Google's release of their browser, Chrome, has caused a stir, as all things new and Google usually do. Google amped up the usual hype with an explanatory comic by famed artist Scott McCloud.

But as Ed Champion rightly points out, the interesting thing about Chrome has less to do with what's under the hood than what Google claims they have rights to through the browser. From the Content License section of Chrome's Terms of Service:

11.1 You retain copyright and any other rights you already hold in Content which you submit, post or display on or through, the Services. By submitting, posting or displaying the content you give Google a perpetual, irrevocable, worldwide, royalty-free, and non-exclusive license to reproduce, adapt, modify, translate, publish, publicly perform, publicly display and distribute any Content which you submit, post or display on or through, the Services. This license is for the sole purpose of enabling Google to display, distribute and promote the Services and may be revoked for certain Services as defined in the Additional Terms of those Services.
Additional coverage of this issue can be found here and here.

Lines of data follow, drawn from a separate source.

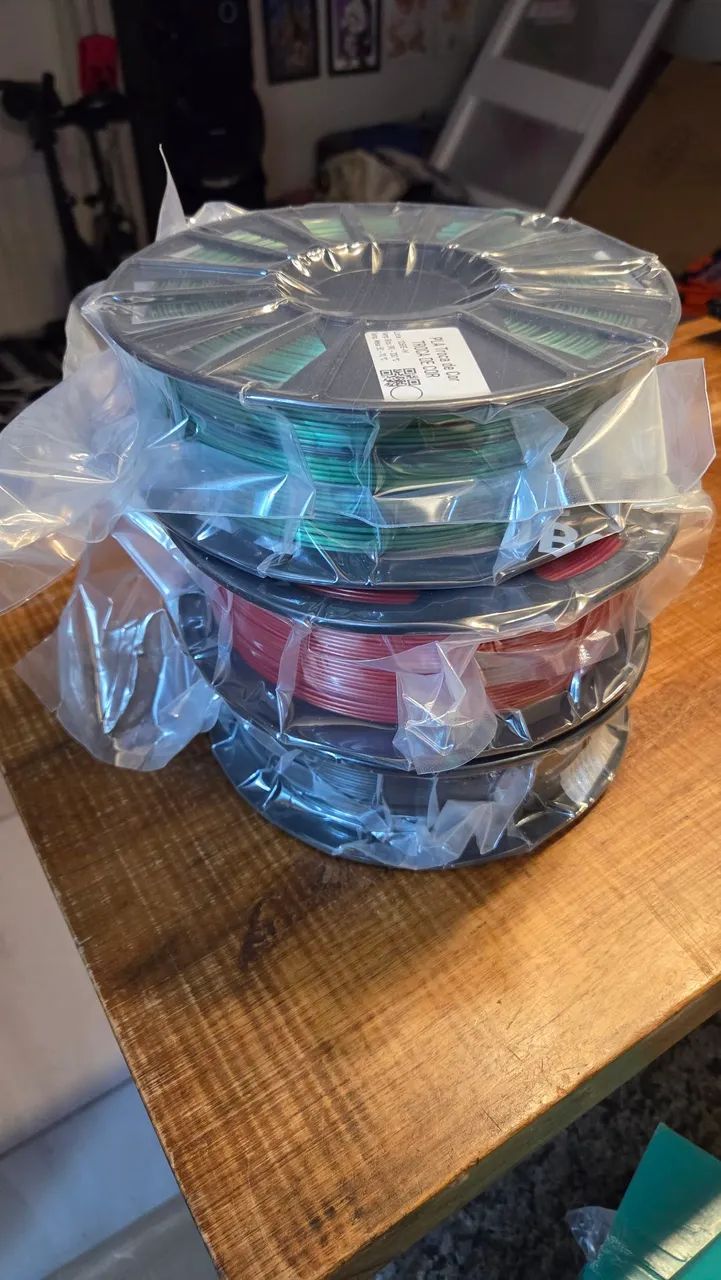 KIT COM 4 FILAMENTOS PARA IMPRESSORA 3D - NOVOS E LACRADOS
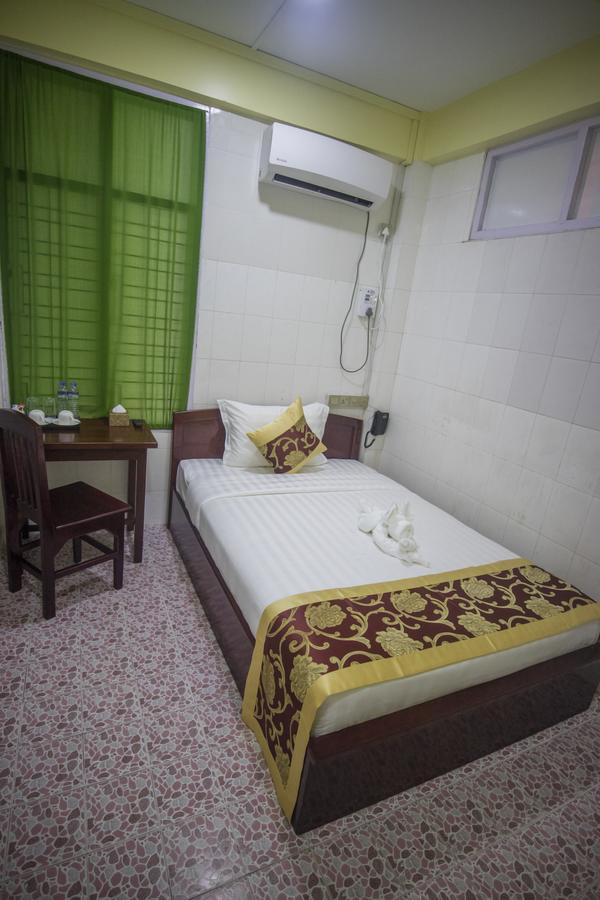 โกลเดน กัม-คิโน โฮเทล มัณฑะเลย์ Hotel ภายนอก รูปภาพ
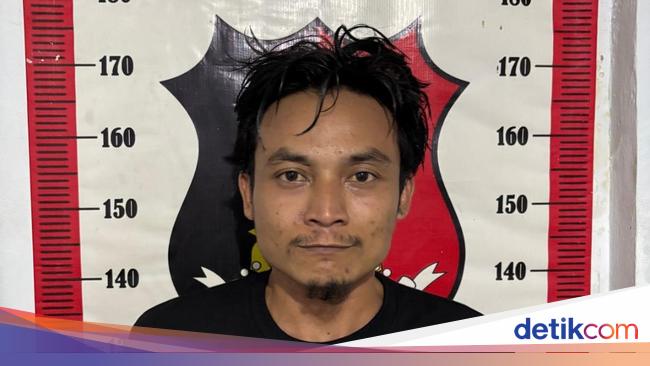 Senyum Tipis Pria Jakbar Usai Bacok Selingkuhan Istri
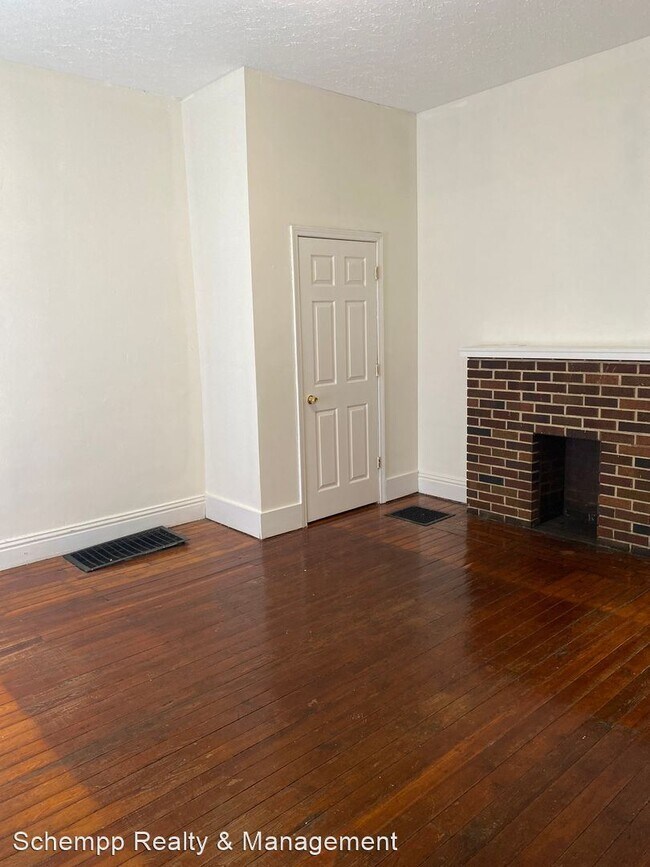 Building Photo - 2 br, 1 bath House - 2329 W. Hill St
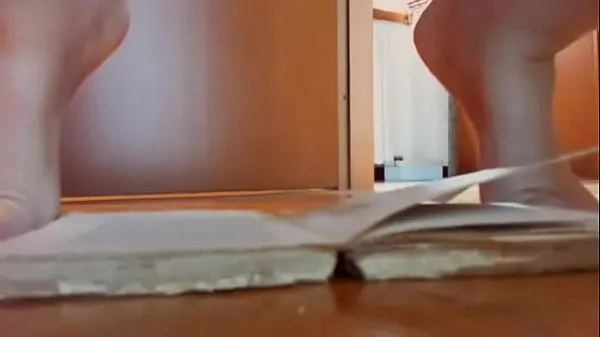 Velká This nun really blasphemous blasphemy and pisses on a prayer book nová videa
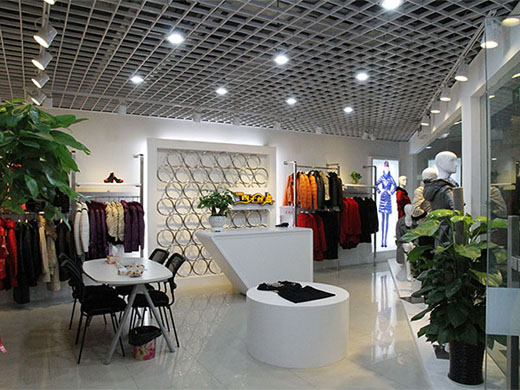 西子丝典店铺展示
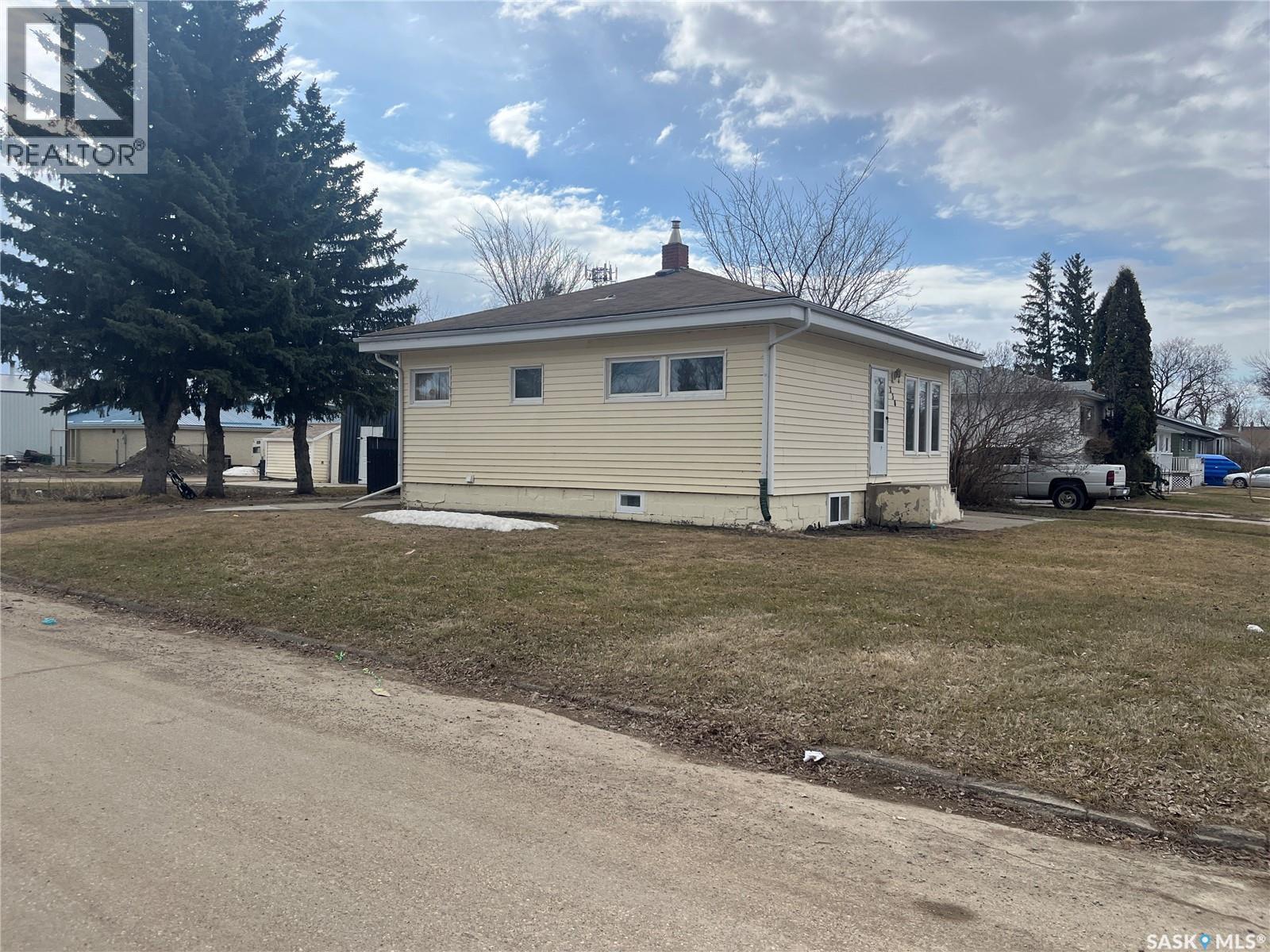238 1st Street Nw, Wadena, Saskatchewan  S0A 4J0 - Photo 3 - SK035506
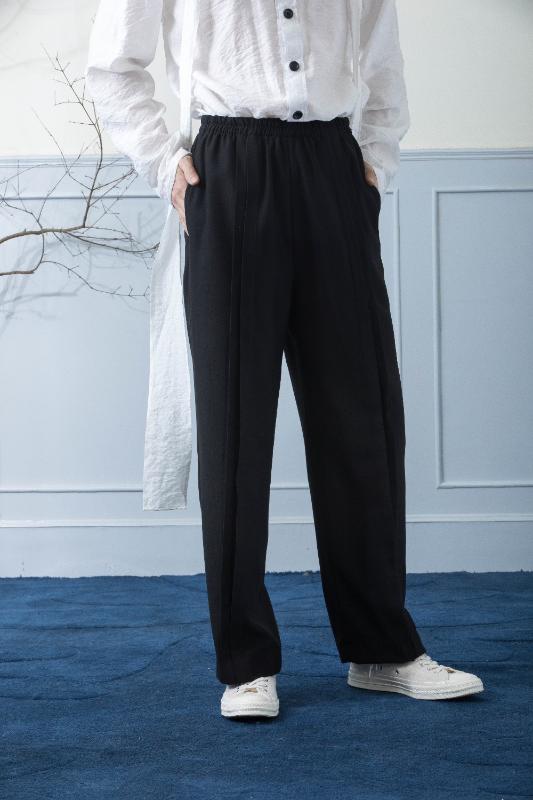 27-44 New 2018 Men's clohting Hair Stylist fashion Elastic waist folded wide leg trousers plus size costumes, Black
27-44 New 2018 Men's clohting Hair Stylist fashion Elastic waist folded wide leg trousers plus size costumes, Black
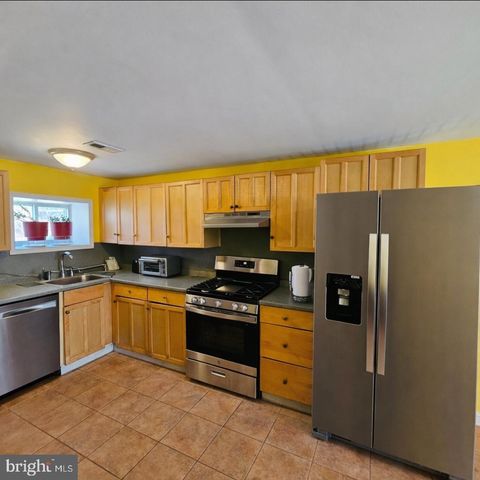 36 S WEST AVE, Vineland, NJ 08360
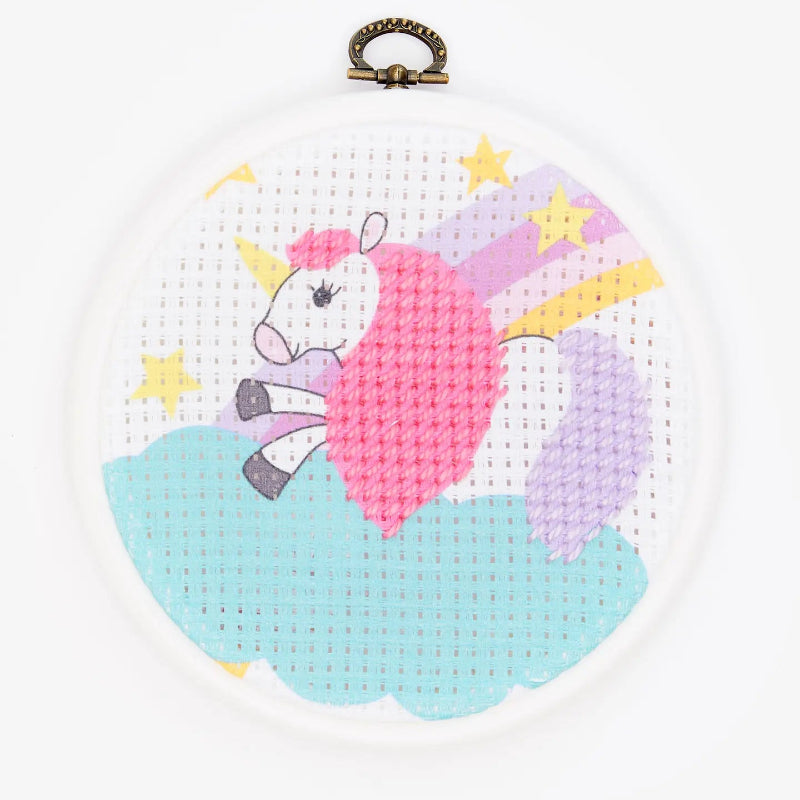 KIR DE MEDIO PUNTO PARA BORDAR ESTE UNICORNIO Y COLOCARLO EN UN BASTIDOR EN TU PARED
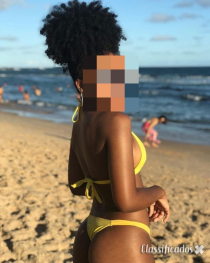 Estudante meiguinha adora transar nas horas vagas.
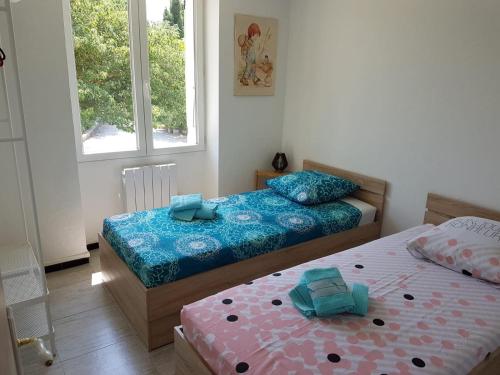Postel nebo postele na pokoji v ubytování LUBERON EN PROVENCE GITE 3 CHAMBRES 100 m2 avec PISCINE PRIVEE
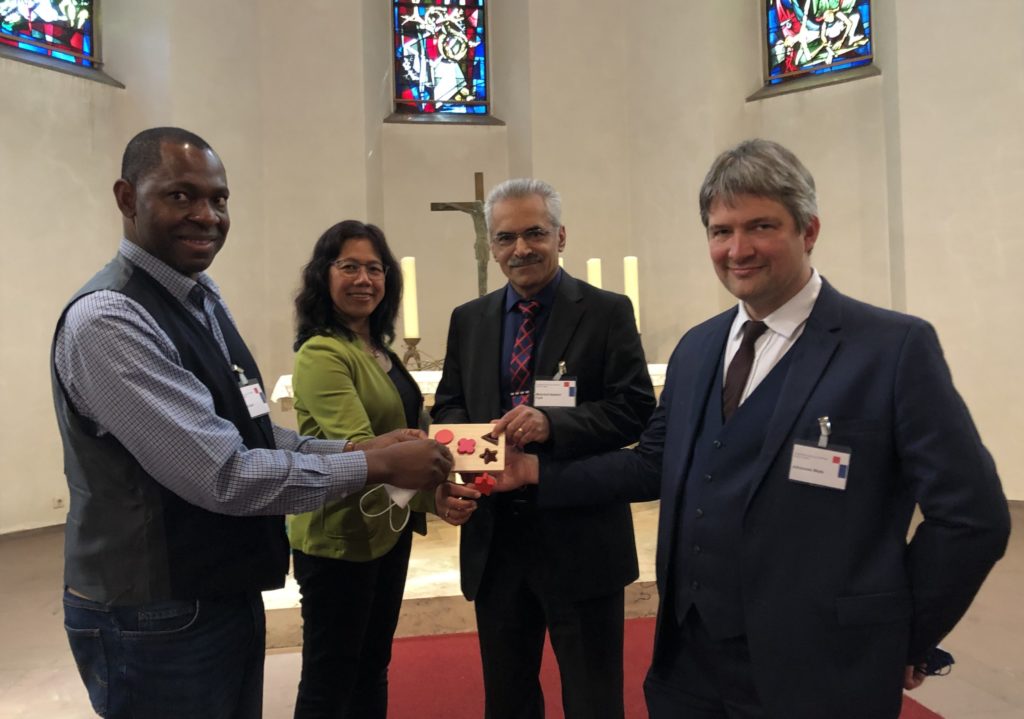 Kirche ist kein Club der Gleichen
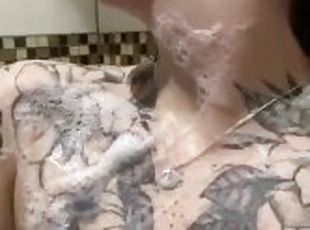 baignade, orgasme, amateur, ejaculation-sur-le-corps, célébrité, brésil, blonde, douche, solo, cocu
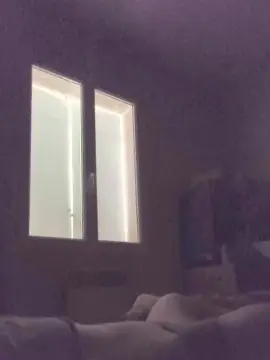 Syl7  live sex cam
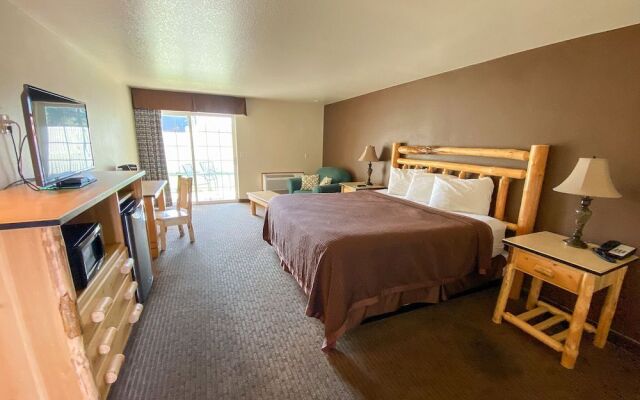 Sisters Inn And Suites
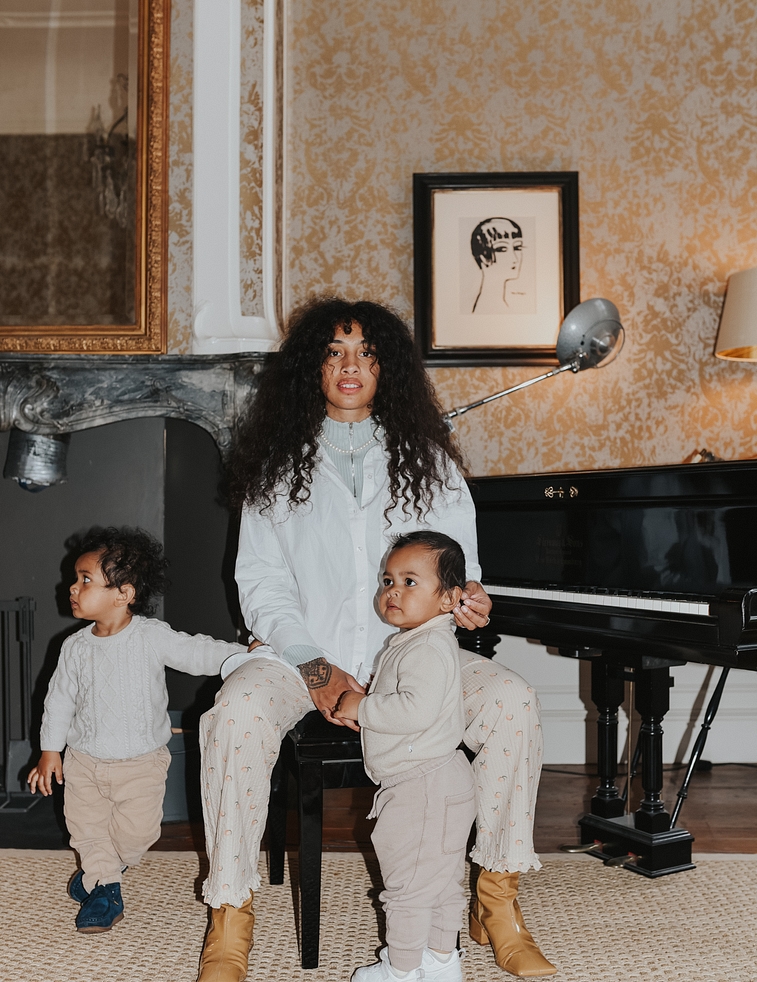 IDA Crisp Sheets Motherhood shoot LR 66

Does this really mean Google can do whatever with whatever one generates as content through Chrome? Who knows if this would ever hold up in court, but why wait to find out? While I don't get anything but self-aggrandizement personal satisfaction from writing this blog, I'd like to think that I don't have to sign over some rights to my work for simply using a tool. Do Bic and Mead have a stake in my notebook scribblings? Does Craftsman take a small percentage of our homes for every nail we strike with hammers made by them?

It might be time for this blog, apparently owned by Google, to migrate elsewhere.